I have a fairly untidy, large dataset that can be roughly approximated by the following code.
set.seed(1)
col_1 <- c(rep(c(1888:1891), each = 50), rep(c(1892:1895), each = 30))
a <- c('shirt', 'blue', 'red', 'green', 'pants', 'blue', 'red', 'green', 'yellow', 'sweater', 'black', 'orange', 'purple')
b <- rep(a, 30)
col_2 <- b[c(1:320)]
df <- data.frame(col_1, col_2)
Wherein each colour refers to the colour of the last mentioned garment of clothing.
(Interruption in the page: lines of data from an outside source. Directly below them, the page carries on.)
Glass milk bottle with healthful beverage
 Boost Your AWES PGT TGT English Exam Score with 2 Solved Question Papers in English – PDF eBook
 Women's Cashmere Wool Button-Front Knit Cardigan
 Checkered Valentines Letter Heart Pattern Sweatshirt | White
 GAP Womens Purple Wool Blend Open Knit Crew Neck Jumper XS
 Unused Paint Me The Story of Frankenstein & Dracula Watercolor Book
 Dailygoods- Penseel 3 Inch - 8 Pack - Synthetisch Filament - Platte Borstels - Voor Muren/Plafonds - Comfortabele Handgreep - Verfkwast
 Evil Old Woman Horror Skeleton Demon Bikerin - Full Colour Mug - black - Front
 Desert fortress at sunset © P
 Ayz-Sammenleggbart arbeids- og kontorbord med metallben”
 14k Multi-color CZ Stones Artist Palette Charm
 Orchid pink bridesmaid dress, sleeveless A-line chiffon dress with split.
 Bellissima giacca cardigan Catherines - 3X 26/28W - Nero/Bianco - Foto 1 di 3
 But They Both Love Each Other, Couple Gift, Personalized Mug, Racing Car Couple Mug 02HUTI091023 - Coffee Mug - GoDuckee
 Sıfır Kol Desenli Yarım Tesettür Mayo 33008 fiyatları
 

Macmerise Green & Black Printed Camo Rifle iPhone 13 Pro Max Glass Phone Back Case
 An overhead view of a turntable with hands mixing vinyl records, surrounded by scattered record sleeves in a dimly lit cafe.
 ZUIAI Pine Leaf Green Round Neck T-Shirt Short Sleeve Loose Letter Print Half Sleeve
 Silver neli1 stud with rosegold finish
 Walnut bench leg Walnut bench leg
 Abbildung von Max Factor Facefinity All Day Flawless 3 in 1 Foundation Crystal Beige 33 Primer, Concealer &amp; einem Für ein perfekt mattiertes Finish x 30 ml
My question to you is how would I go about extracting, on a yearly basis, the different colours that sweaters are available in?
There are a couple of differences with the real data however:
- The real dataset is monthly, however I am only interested in whether or not each colour occurs per year
- The real dataset is far less repetitive, with colours exiting and entering at random each month
- The real dataset contains roughly a dozen different "garments" per month.
I have thought to try something as crude as simply extracting the next ~50 datapoints that follow each "Sweater" occurrence, but I am not even sure how to do this, and was hoping for something cleaner since that would still involve a lot of tidying up, since "Sweater" would occur at least 12 times per year.